TOMBO7 (TOMBOT), Wednesday, 7 February 2007 14:14 (seventeen years ago) link

it took about 3 months on ILX ha ho

vita susicivus (blueski), Wednesday, 7 February 2007 14:16 (seventeen years ago) link

That's true CJ.

A relationship I was in a few years ago did change me for the worse for awhile. It took awhile to heal those wounds and feel whole again. It's amazing how much damage abusive, fucked-up people can inflict on you - esp. when you think you're not suseptible to that anymore.

I've been in therapy since I was 19 and even though sometiems it's a drag I feel it's been absolutely essential to my happiness and stability. But therapy is often like a relationship and you have to find the right person for it work best. I'm grateful I've been seeing the same woman since the beginning. More like a long deep friendship really.

Ms Misery (MissMiseryTX), Wednesday, 7 February 2007 14:17 (seventeen years ago) link

Perhaps romantic relationships can touch a person more deeply than any other, thus can hurt more acutely (and affect future behaviour) if they go badly wrong?

This is very true, and I'm probably walking proof of that. But also, I've been affected more - good and bad - on a personality-shaping level by close friends than by lovers. So I place more importance on them.

My observation is that people - especially women, but also men - feel more pressure to change their personalities in order to attract mates. Do people feel the same pressure to change to attract friends? Maybe they do. I've always been fairly blind to peer pressure and don't really understand its mechanics. But I do feel and am overly aware of the pressures to act, look, *be* a certain way in order to attract males.

The disdaining of changing one's core personality for a lover is part of mine own growth (?) / changing, trying not to put SO MUCH PRESSURE on myself to have a lover, (which I did to myself, for much of my life) and accepting that a single state is a valid lifestyle.

Fire and Worms (kate), Wednesday, 7 February 2007 14:20 (seventeen years ago) link

Do people feel the same pressure to change to attract friends? Maybe they do. I've always been fairly blind to peer pressure and don't really understand its mechanics.

Actually, that's not entirely true. I do understand its mechanics, I just seem utterly powerless to follow the principles, and wouldn't even want to in most cases.

The trick, I suppose, is to cultivate friends who embody your ideals and hope that the peer pressure will be positive. I think I am a more positive person for being in the influence of people like Ed and Emsk, for example.

Fire and Worms (kate), Wednesday, 7 February 2007 14:24 (seventeen years ago) link

Well, I think such scale would be almost impossible to measure in any objective way

it isn't! Ever heard of Jungian tests? I-E S-N F-T J-P and all that?

There have been whole threads about these tests, and although they may not be "objective" the results that they provide are certainly meaningful as descriptive tools.

Fire and Worms (kate), Wednesday, 7 February 2007 14:26 (seventeen years ago) link

Can someone tell me why there should be a clear distinction between personality and behaviour? I think personality can be seen as a set of relatively fixed modes of behaviour. Whether this behaviour is directed inwards (thoughts) or outwards (action) isn't necessarily important. Also the whole thoughts/action dichotomy is kinda false, because there can't be one without the other.
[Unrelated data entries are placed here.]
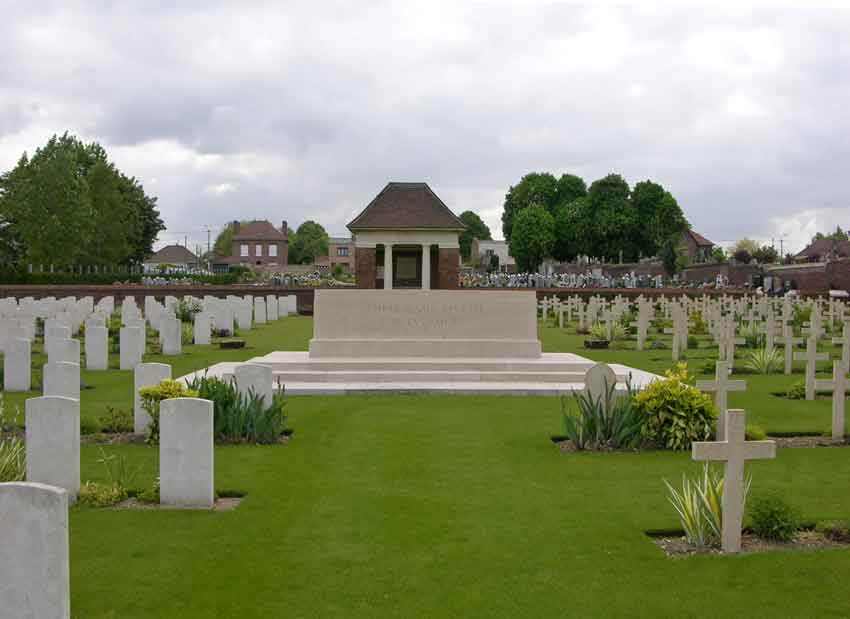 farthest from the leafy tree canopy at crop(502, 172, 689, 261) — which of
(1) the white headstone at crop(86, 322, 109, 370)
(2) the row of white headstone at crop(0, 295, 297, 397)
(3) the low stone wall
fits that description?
(1) the white headstone at crop(86, 322, 109, 370)

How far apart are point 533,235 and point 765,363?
53785 mm

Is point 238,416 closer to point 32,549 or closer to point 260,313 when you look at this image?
point 32,549

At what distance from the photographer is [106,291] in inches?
1423

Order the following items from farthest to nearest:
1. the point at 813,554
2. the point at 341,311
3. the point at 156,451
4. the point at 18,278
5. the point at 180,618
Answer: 1. the point at 18,278
2. the point at 341,311
3. the point at 156,451
4. the point at 813,554
5. the point at 180,618

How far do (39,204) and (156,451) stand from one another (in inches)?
1747

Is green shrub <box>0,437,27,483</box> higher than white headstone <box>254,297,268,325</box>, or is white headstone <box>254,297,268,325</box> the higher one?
white headstone <box>254,297,268,325</box>

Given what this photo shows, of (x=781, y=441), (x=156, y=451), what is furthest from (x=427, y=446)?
(x=781, y=441)

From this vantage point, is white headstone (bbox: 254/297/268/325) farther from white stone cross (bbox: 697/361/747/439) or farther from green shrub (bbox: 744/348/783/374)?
white stone cross (bbox: 697/361/747/439)

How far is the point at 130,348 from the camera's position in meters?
15.5

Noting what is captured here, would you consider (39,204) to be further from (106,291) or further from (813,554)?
(813,554)

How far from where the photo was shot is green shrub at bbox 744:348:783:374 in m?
15.3

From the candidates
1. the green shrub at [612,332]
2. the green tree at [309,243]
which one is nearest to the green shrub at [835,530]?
the green shrub at [612,332]

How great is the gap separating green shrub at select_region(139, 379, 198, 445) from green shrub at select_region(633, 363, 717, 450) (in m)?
4.57

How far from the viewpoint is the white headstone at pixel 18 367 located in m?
12.5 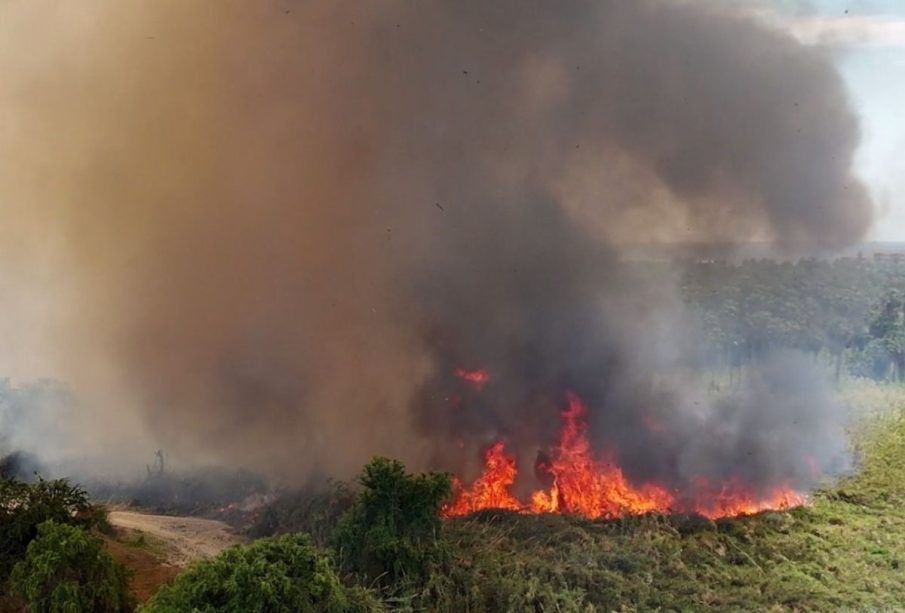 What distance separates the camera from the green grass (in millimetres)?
14984

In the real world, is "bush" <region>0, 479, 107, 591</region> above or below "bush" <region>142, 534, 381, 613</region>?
above

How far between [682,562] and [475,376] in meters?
9.61

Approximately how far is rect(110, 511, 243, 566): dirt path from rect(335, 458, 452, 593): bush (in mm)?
5485

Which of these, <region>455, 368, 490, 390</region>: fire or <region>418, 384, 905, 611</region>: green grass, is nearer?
<region>418, 384, 905, 611</region>: green grass

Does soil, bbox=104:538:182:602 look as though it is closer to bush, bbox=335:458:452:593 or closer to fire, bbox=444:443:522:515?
bush, bbox=335:458:452:593

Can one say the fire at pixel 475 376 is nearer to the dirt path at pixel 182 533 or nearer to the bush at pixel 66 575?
the dirt path at pixel 182 533

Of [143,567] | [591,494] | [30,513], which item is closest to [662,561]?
[591,494]

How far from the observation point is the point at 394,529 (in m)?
14.8

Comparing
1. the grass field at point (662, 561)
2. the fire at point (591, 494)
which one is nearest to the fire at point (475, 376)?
the fire at point (591, 494)

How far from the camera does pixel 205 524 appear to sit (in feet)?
71.1

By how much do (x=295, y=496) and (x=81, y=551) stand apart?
10.4 metres

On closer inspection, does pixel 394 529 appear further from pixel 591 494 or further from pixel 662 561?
pixel 591 494

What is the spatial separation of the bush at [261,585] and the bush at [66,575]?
5.36 feet

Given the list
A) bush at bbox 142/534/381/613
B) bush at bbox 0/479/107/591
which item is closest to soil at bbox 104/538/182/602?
bush at bbox 0/479/107/591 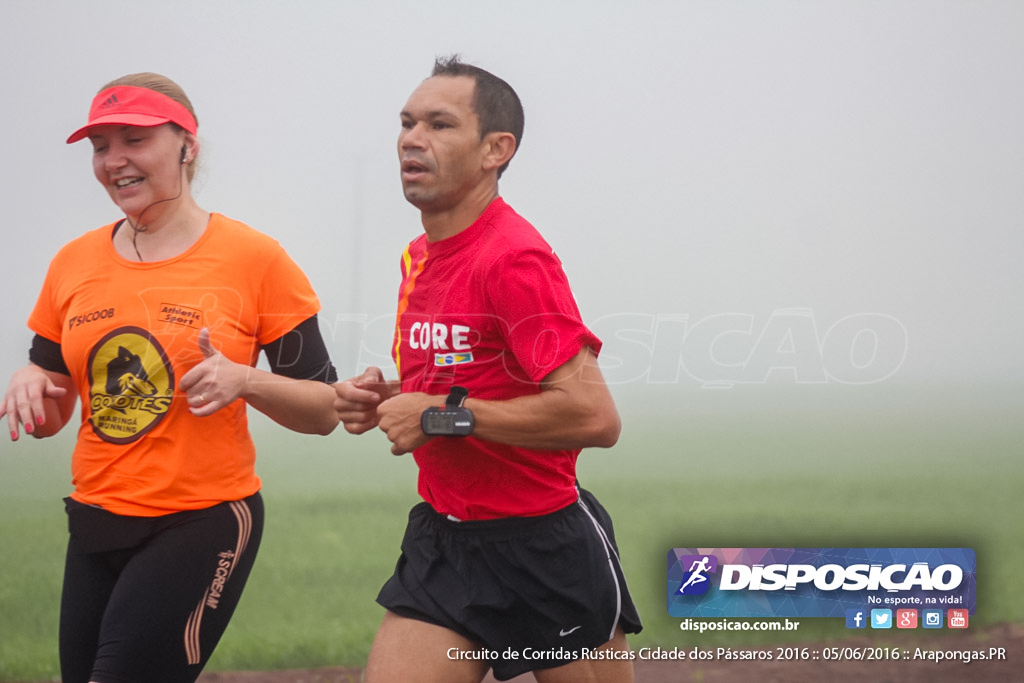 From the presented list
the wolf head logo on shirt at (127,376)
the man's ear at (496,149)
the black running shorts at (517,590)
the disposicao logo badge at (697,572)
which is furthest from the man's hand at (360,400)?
the disposicao logo badge at (697,572)

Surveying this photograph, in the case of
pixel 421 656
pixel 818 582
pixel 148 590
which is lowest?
pixel 818 582

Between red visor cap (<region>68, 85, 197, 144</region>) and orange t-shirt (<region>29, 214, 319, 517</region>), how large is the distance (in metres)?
0.25

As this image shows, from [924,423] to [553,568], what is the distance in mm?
2307

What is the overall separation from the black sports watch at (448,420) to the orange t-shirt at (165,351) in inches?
17.9

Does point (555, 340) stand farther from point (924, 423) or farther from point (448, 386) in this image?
point (924, 423)

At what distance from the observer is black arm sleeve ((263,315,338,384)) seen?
86.8 inches

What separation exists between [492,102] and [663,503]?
218 cm

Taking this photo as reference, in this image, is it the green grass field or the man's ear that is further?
Answer: the green grass field

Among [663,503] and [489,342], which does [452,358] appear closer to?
[489,342]

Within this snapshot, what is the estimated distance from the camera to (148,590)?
203cm

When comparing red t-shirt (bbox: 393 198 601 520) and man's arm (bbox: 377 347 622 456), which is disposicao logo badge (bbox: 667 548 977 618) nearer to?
red t-shirt (bbox: 393 198 601 520)

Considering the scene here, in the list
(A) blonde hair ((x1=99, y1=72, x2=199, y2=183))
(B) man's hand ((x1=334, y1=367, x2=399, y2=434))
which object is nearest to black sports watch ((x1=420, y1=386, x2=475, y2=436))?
(B) man's hand ((x1=334, y1=367, x2=399, y2=434))

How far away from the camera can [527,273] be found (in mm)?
1925

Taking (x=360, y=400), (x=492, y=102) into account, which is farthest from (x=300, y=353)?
(x=492, y=102) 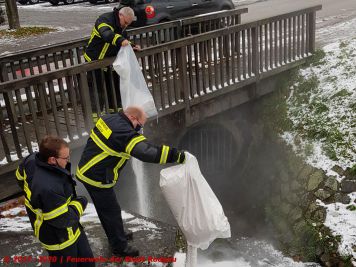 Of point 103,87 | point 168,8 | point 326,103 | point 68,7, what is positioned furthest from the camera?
point 68,7

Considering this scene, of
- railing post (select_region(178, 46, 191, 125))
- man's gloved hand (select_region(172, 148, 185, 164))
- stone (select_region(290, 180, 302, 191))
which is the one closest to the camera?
man's gloved hand (select_region(172, 148, 185, 164))

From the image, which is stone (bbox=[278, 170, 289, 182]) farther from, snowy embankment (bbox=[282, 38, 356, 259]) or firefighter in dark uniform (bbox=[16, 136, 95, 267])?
firefighter in dark uniform (bbox=[16, 136, 95, 267])

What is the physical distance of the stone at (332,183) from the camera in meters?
7.27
Tuomas (Tuomas), Wednesday, 7 February 2007 14:26 (seventeen years ago) link

I find this thread really interesting: not just the question of whether your personality ever becomes fixed, but also that of whether your 'personality' is the thing other people see when they look at you, or the thing you see when you look at yourself. I find that I'm constantly aware of what I perceive to be the stand-out worst aspects of my personality, and am always trying to keep them from becoming manifest in what I say and do (because i do believe that outward conformity can affect inner reactions, that by practicing right behaviour you can train yourself into it - I think if I didn't believe in this I'd feel that I had no hope). This means I really have very little sense of how I come across to others: I sometimes think people see the less-optimal person I suspect myself of being, and sometimes think they see the ideal person I'd like to project myself as, and sometimes think they see something else entirely that I'm too self-absorbed to recognise. Or maybe (most likely) they're not looking all that hard, and I'm the only one who really cares.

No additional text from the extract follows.